人材サービス各社が大手企業出身の中高年層の就労支援事業を強化します。アデコ(東京・港)は人材派遣の登録者を2015年に現在の8倍近い1万人まで拡大するということです。インテリジェンスも経営顧問を紹介するサービスに力を入れるそうです。厚生年金の支給開始年齢引き上げで働く意欲のある高齢者らは今後も着実に増加するとみて、経営課題を抱える中堅・中小企業への派遣を事業の柱に育てていきます。

アデコは40代半ば以上の人材派遣「エキスパートスタッフィング」の登録者を現在の約1300人から15年に1万人まで増やすということです。専門スキルを持つ大企業の早期退職者らを中小企業などに派遣します。経営戦略や財務会計などを指導します。時給制による派遣で、外部のコンサルタントを雇うよりも柔軟に活用でき、コストも安いといいます。

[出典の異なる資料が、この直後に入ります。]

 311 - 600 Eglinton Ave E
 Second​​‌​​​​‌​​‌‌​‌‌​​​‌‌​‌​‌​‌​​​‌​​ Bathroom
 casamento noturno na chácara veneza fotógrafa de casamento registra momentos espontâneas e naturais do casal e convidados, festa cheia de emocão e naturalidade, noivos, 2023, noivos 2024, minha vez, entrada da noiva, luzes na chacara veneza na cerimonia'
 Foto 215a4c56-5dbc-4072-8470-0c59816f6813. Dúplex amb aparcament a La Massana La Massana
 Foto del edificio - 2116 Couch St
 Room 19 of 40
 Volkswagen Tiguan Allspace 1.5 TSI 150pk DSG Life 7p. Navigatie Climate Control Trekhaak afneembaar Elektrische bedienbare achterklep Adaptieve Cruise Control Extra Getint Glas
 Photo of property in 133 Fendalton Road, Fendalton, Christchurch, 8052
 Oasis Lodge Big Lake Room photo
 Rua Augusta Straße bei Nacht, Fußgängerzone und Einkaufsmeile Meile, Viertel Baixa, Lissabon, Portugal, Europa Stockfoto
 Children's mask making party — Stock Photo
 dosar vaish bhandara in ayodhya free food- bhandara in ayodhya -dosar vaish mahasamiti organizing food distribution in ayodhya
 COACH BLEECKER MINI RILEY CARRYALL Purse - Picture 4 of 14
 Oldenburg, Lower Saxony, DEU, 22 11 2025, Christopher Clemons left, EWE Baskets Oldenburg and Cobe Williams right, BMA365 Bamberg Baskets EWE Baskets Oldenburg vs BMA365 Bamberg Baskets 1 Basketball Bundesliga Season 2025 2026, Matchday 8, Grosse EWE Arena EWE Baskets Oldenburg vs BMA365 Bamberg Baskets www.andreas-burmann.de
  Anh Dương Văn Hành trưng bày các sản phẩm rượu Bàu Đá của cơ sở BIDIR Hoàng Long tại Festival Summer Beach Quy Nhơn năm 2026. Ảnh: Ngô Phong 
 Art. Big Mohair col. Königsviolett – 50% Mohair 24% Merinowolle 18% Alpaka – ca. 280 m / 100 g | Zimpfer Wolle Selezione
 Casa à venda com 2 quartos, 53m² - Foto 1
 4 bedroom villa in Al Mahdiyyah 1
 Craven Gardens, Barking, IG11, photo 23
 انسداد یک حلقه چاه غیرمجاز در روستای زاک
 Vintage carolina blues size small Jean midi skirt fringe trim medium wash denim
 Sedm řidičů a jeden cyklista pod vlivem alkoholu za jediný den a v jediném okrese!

働く側も一般的な時給が3500~5000円程度と比較的高い収入を得られます。月収はどの程度、派遣ニーズがあるかによって大きく左右されますが、自分の専門性を生かした仕事を続けることができる魅力があります。

大手企業の人員削減を受けて中高年の有能な人材で離職者が増えています。東京商工リサーチの調査によると、今年1月から11月までの主な上場企業の希望・早期退職の募集人数は1万6779人で、11年累計の約1.9倍となっています。さらに13年度から始まる厚生年金の支給開始年齢引き上げに伴い、就労意欲の高い高齢者が増えるとアデコはみています。

アデコのほかにも、インテリジェンスは経営顧問の紹介サービス「i―common(アイコモン)」の登録者を現在の約1500人から1年後に3000人に増やします。中小企業などが新規事業の立案や営業力強化など経営課題ごとに契約できます。料金は定額制で月額25万円から設定するということです。

現在の登録者の平均年齢は56歳で、上場企業を退職した部長級以上が多く登録しています。これまでに顧問として約40人が中小企業に就職するのを仲介した実績もあります。年内に300社から業務改善についてのコンサルティングの受注を見込みます。

パソナグループは中高年の就労を支援する子会社の日本雇用創出機構(東京・千代田)を通じて事業拡大を狙います。現在、大企業の退職者約650人が登録、今後も登録者を増やす方針です。

特に中小企業は長引く景気低迷や円高などで収益環境が厳しくなっています。このため、経営企画など重要な部門で人材派遣を求める動きが広がっています。12年版「中小企業白書」によれば、定期的な経営相談を受ける企業では直近5年間の利益が増益となる傾向が見られました。